The main thing I learned from this exercise is that the Holt-Winters model is best suited to data that is more frequent than annual. The power of the model comes from estimating seasonal variations, so with monthly or even quarterly data our predictions would become a lot more interesting.
I also learned that Universal Studios may have been a little excitable by their recent success. It’s been many years since they were able to crack the Disney fortress of top ranks, and the Harry Potter world attraction seems to have had a bigger effect than they realise even at this point.

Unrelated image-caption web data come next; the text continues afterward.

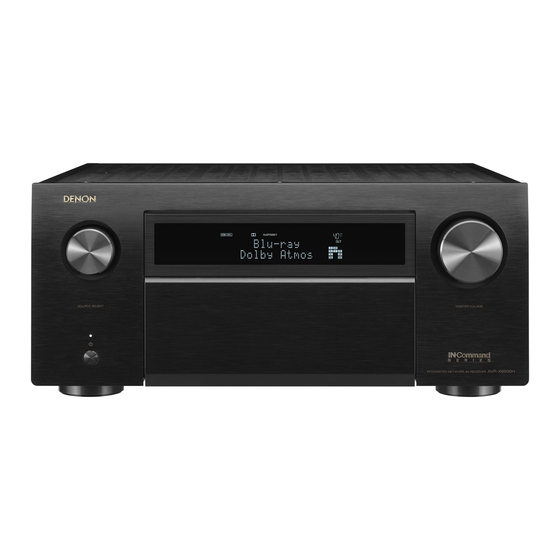 Denon AVR-X8500HA Manuals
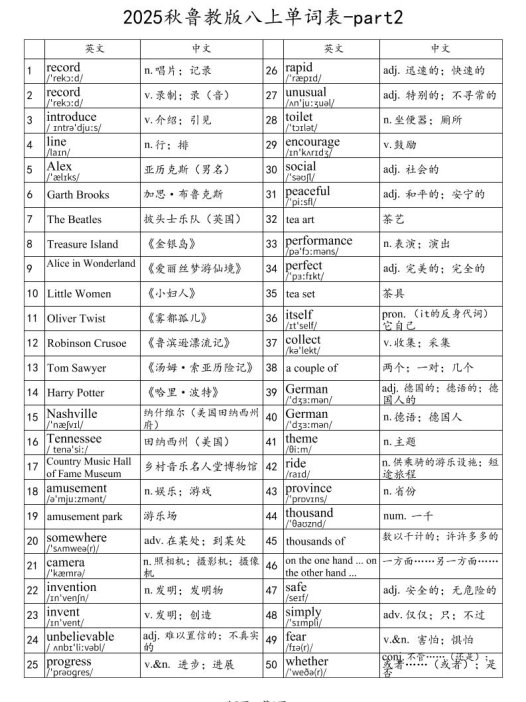 2025秋鲁教版八上英语单词表-part2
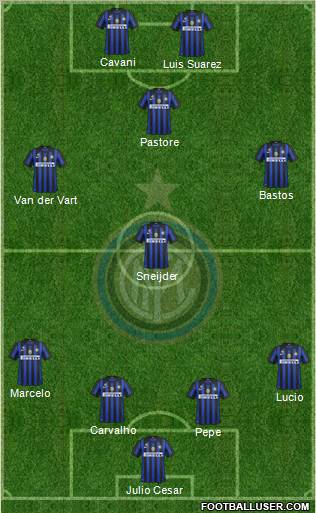 F.C. Internazionale Formation 2011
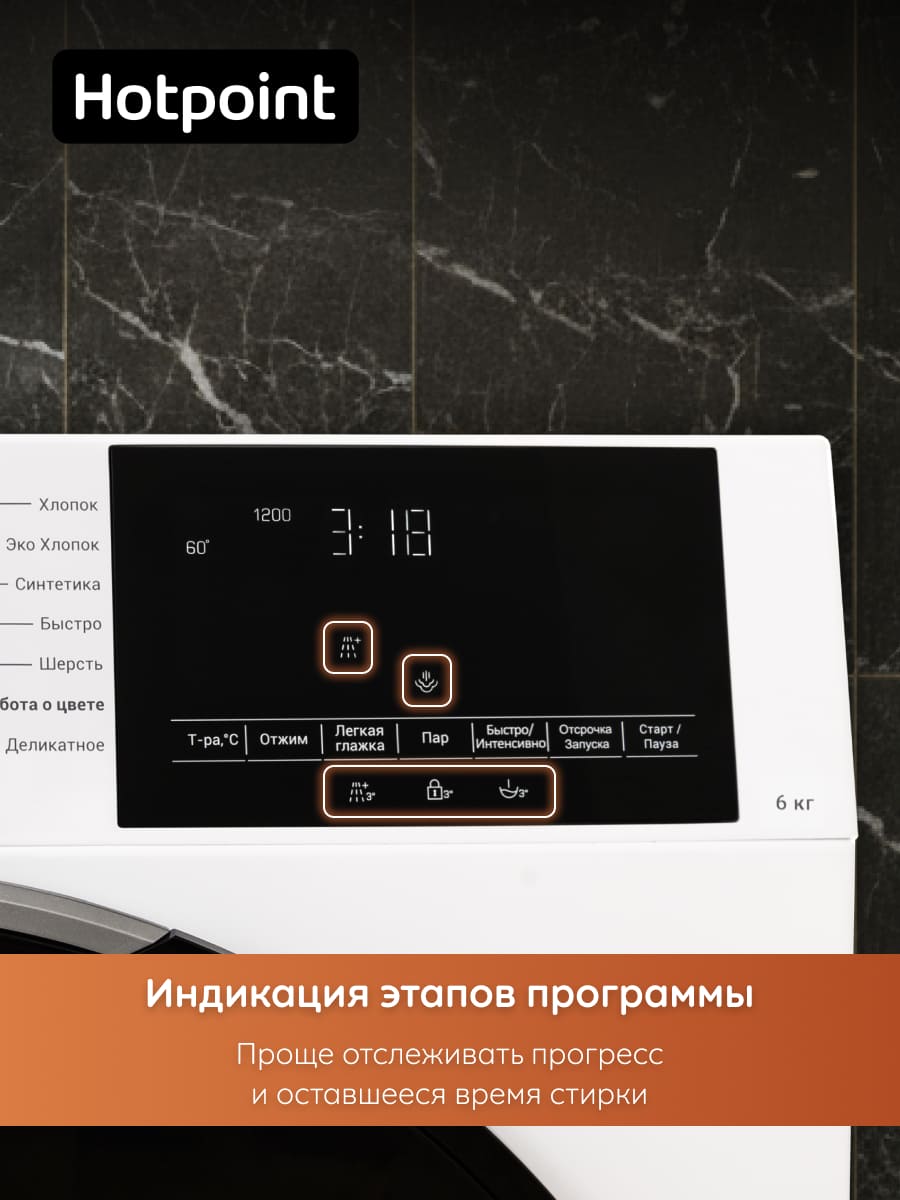 индикация этапов программы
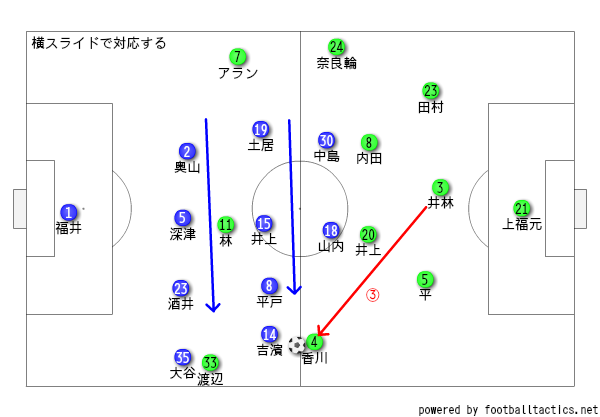 J2最終節 町田ゼルビア対東京ヴェルディ戦 秋天の陽炎 トンチンカンベガルタ仙台のサッカーを愛でるブログ J2最終節 町田ゼルビア対東京ヴェルディ戦 秋天の陽炎 トンチンカンベガルタ仙台のサッカーを愛でるブログ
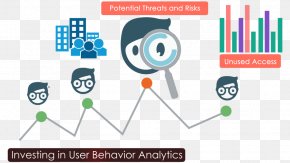 Entity - User Behavior Analytics Behavioral Analytics Computer Security PNG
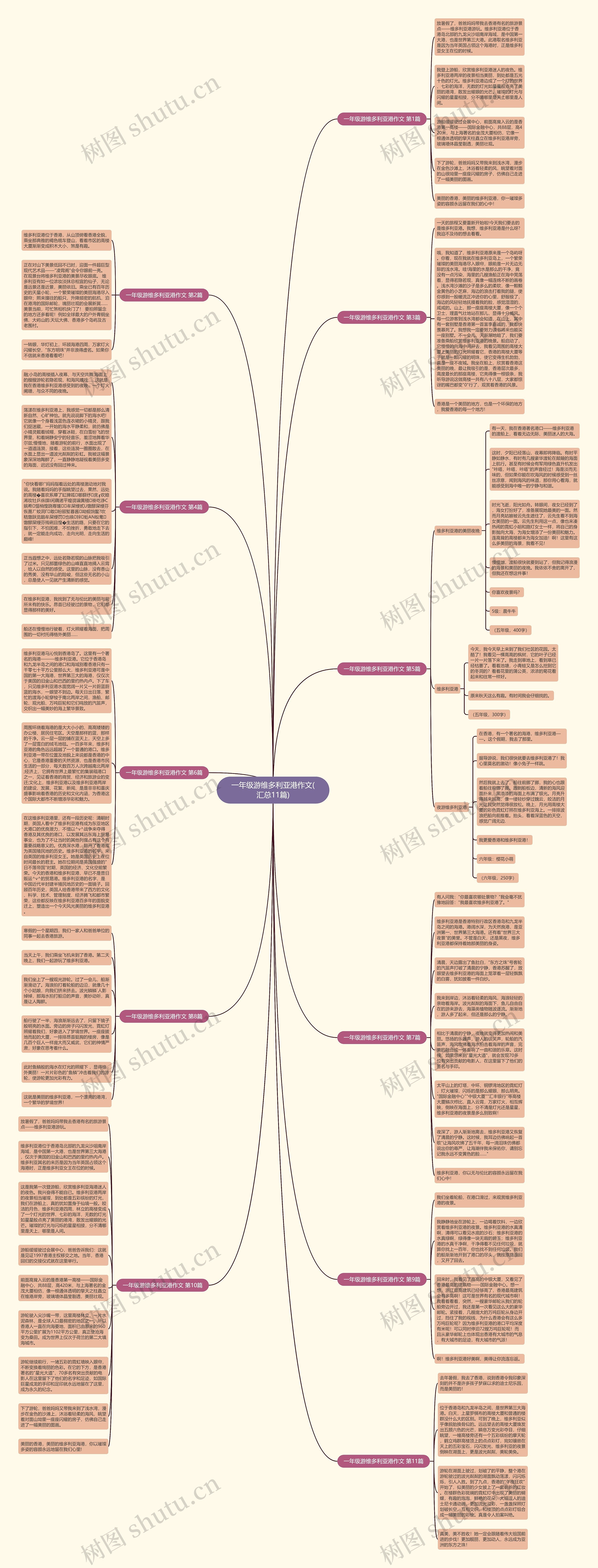 一年级游维多利亚港作文(汇总11篇)思维导图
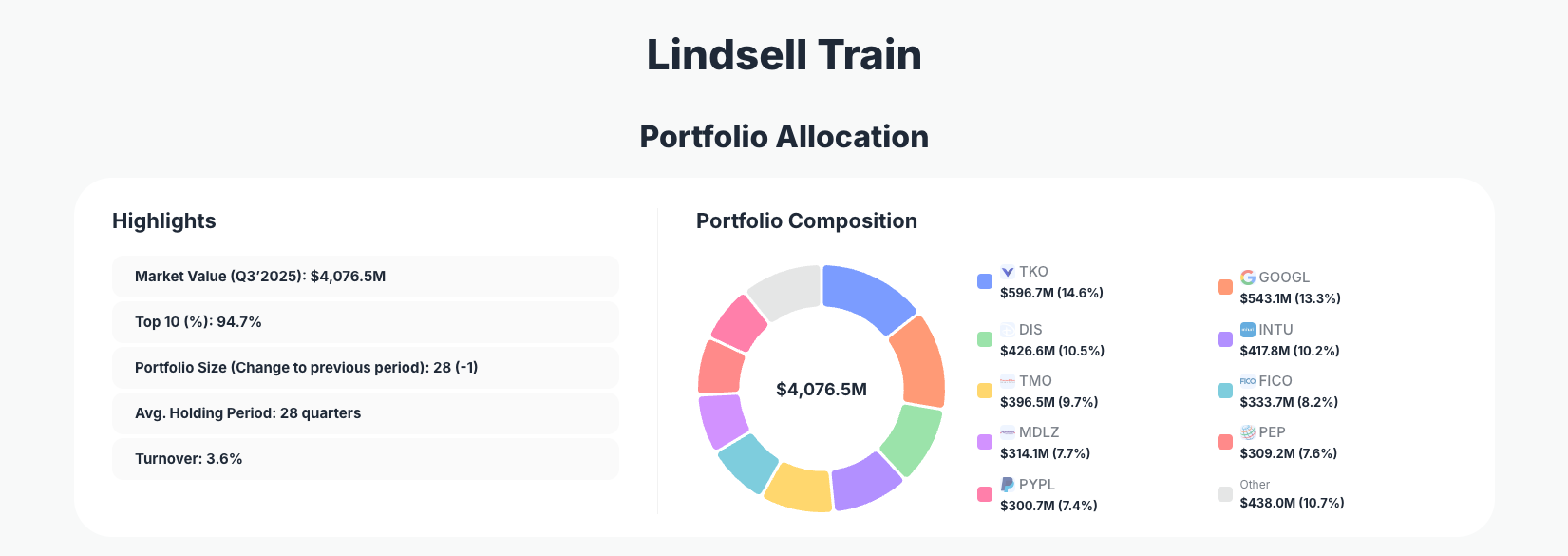 Lindsell Train Portfolio Analysis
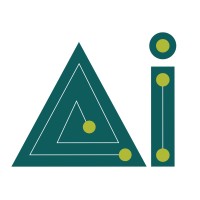 Aivolve Innovations logo - Similar company to Capri International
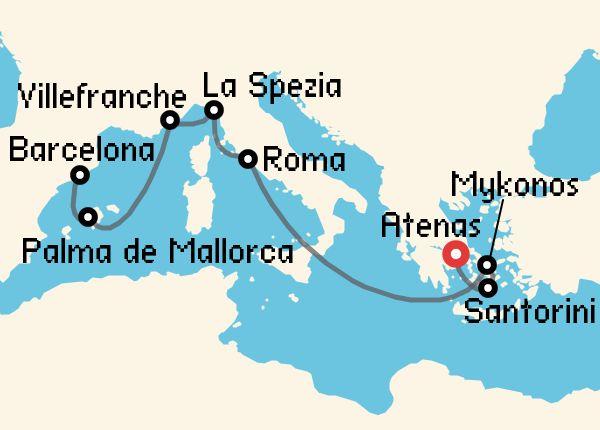 travel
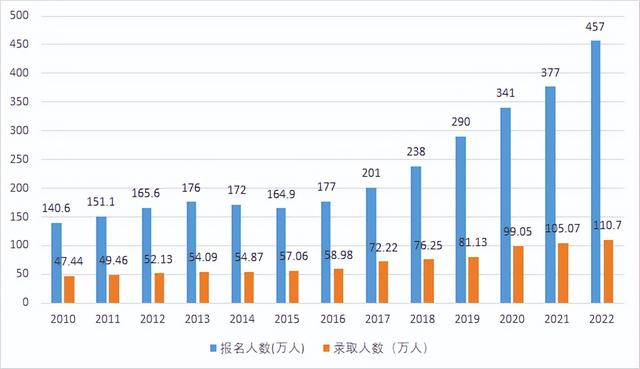 距离2023考研还有多久,考研剩余天数2023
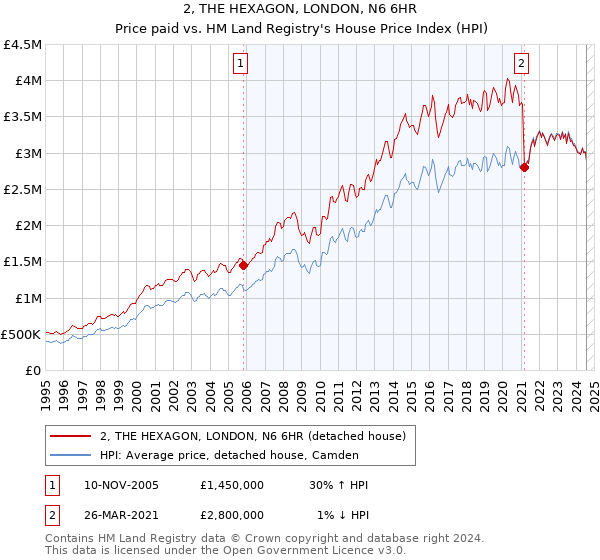 2, THE HEXAGON, LONDON, N6 6HR: Price paid vs HM Land Registry's House Price Index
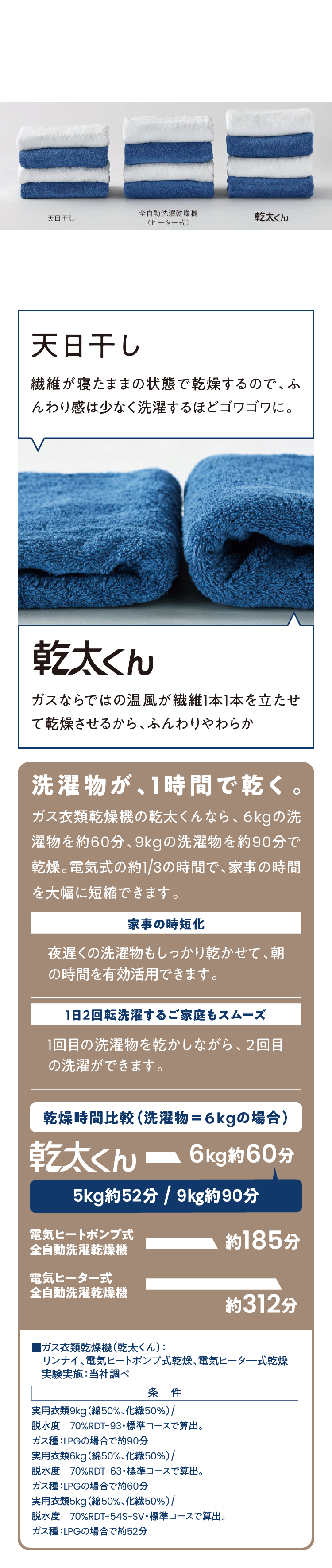 太陽よりも、ふんわり仕上がる。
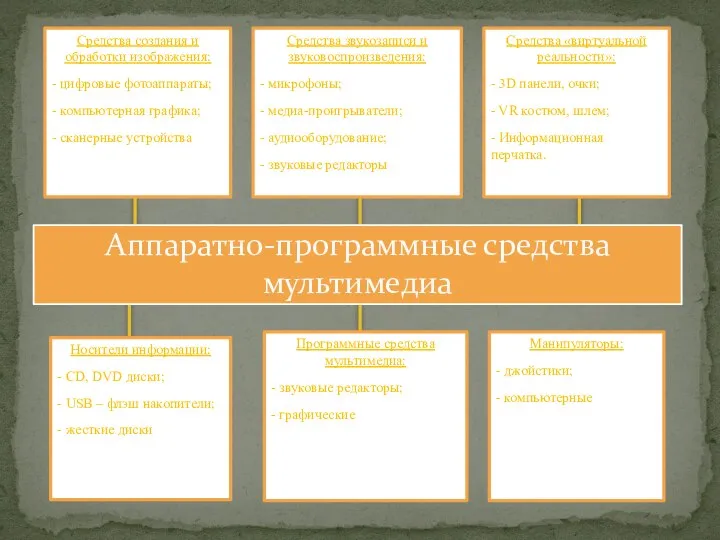 Аппаратно-программные средства мультимедиа Средства создания и обработки изображения: - цифровые фотоаппараты;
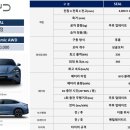 강전기 네이버블로그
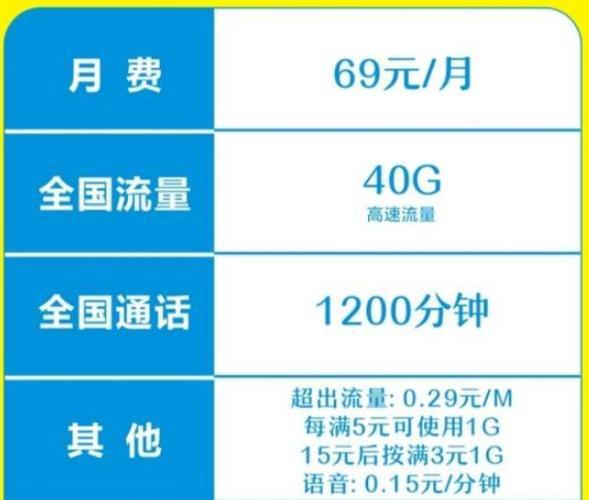 中国移动39元套餐包含啥？流量、通话、短信、其他权益一览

There is is whole lot more I’m intending to do with this data. Most immediately I’d like to be able to try and improve my forecasts by adding in information about the parks, such as their location. As I mentioned at the top of the article, the success of parks in places like Orlando and arguably the Benelux region are highly dependent on the performance of their competitors, so a model would likely be able to gain a lot of information from the performance of nearby parks.
I also want to see if there are groupings of parks according to their visitor numbers over time. Seeing different clusters of parks by this metric would suggest they are catering to different populations, and might indicate which parks were truly competing against each other.
This was fun to do, and a great experience to play around with some time series data. Hope you learned something!